Could a Trump Doctrine Repair America’s Middle East Policy? https://mosaicmagazine.com/picks/uncategorized/2017/05/could-a-trump-doctrine-repair-americas-middle-east-policy/

May 23, 2017 | Michael Doran
About the author: Michael Doran is a senior fellow and director of the Center for Peace and Security in the Middle East at Hudson Institute. The author of Ike’s Gamble: America’s Rise to Dominance in the Middle East (2016), he is also a former deputy assistant secretary of defense and a former senior director of the National Security Council. He tweets @doranimated.
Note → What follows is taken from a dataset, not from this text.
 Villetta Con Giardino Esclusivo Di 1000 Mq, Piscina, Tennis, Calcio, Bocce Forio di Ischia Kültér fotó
Arguing that the past sixteen years of U.S. conduct toward the Middle East have facilitated the dangerous empowerment of Iran to the detriment of America and its allies, Michael Doran hopes that the president’s visit to Saudi Arabia and Israel this week will signal the beginning of a more effective approach to the region:

We still don’t know the full details of Donald Trump’s approach to the Middle East, but his hard-nosed ethos and willingness to question foreign-policy dogmas offer an opportunity, in principle, to dispel several fallacies that led to these strategic blunders. . . .

[I]t is false that our support for our longtime friends is a cause of instability, and that by distancing ourselves from them while reaching out to our enemies we can make the world a safer place. (It’s an even worse fallacy to imagine that we can create a Middle East without enemies.) And it’s just as wrong to assume we can cleverly pull Russia away from Iran in Syria. The tensions between them are insignificant compared with their shared interest in propping up the Bashar al-Assad regime and eroding American influence.
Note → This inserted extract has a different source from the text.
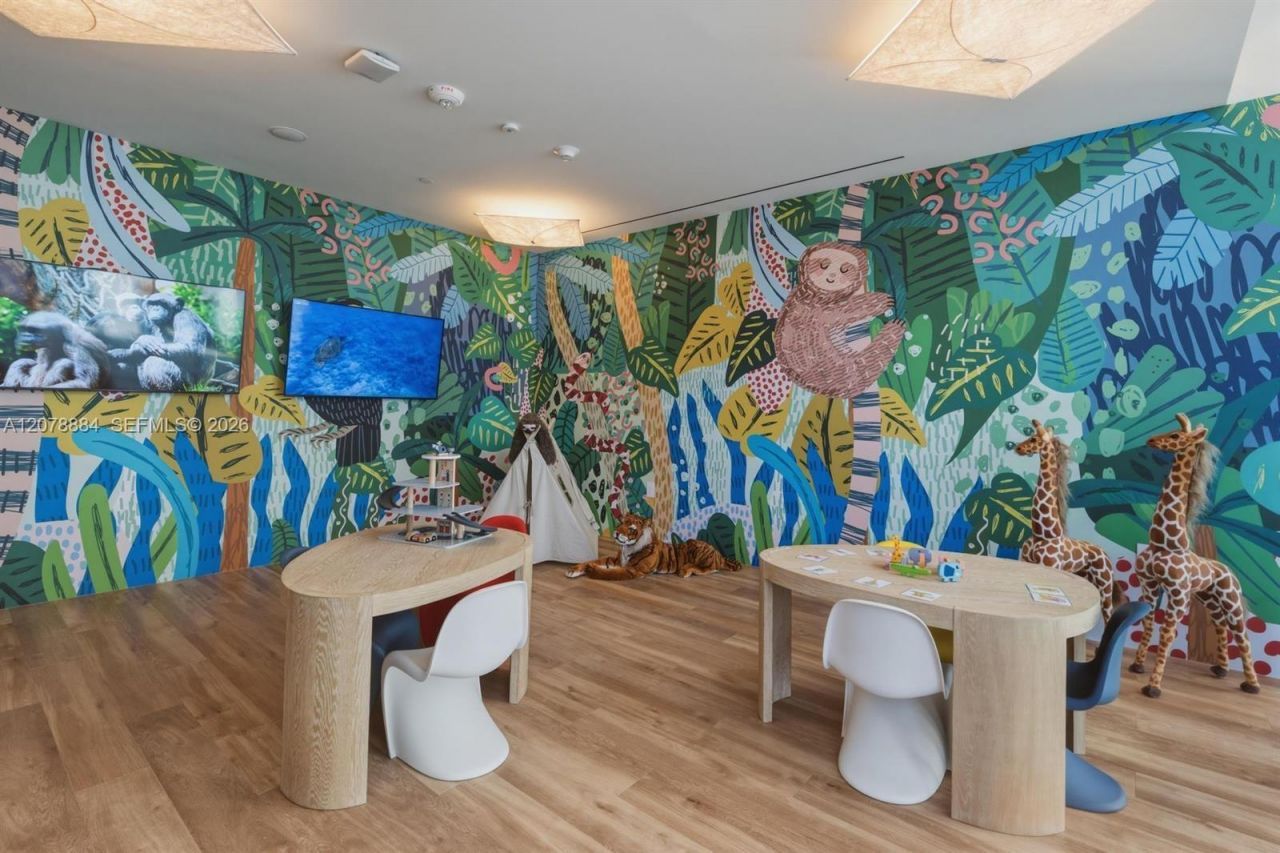 1400 Biscayne Blvd , Unit 4504, Miami, FL 33132 Photo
[Further], the Palestinian-Israeli conflict is not the center of gravity in the Middle East, nor is it ripe for solution. President Obama, like President Bush before him, put a lot of effort into resolving the Israel-Palestinian conflict—a worthy but useless undertaking that diverted them further from addressing Iran’s regional ascent and, later, Russia’s. . . .
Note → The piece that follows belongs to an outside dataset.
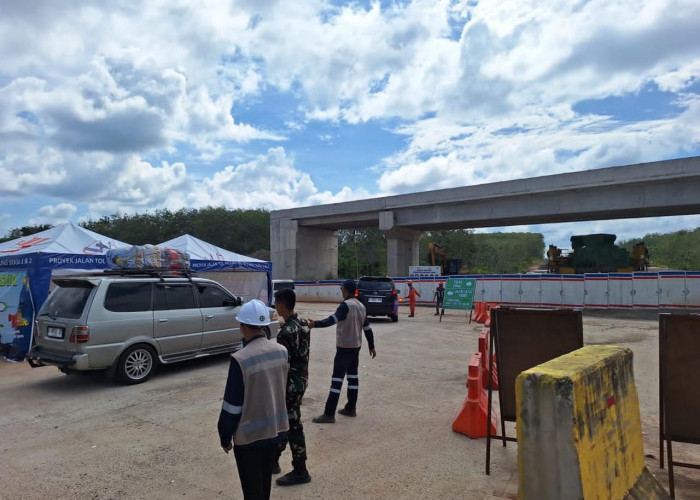 Antrean Panjang, Hutama Karya bersama Polda Sumsel Rekayasa Lalu Lintas di Fungsional Tol Palembang-Betung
But recognizing mistakes is just the first step. The next requires rejecting the temptation, to which President Obama succumbed, of defining the defeat of Islamic State as the pre-eminent strategic goal. If President Trump destroys the group, but fails at the same time to build a stabilizing regional coalition, his victory will be very short-lived. The next Islamic State will rise from the rubble, and Russia and Iran will exploit the ensuing chaos.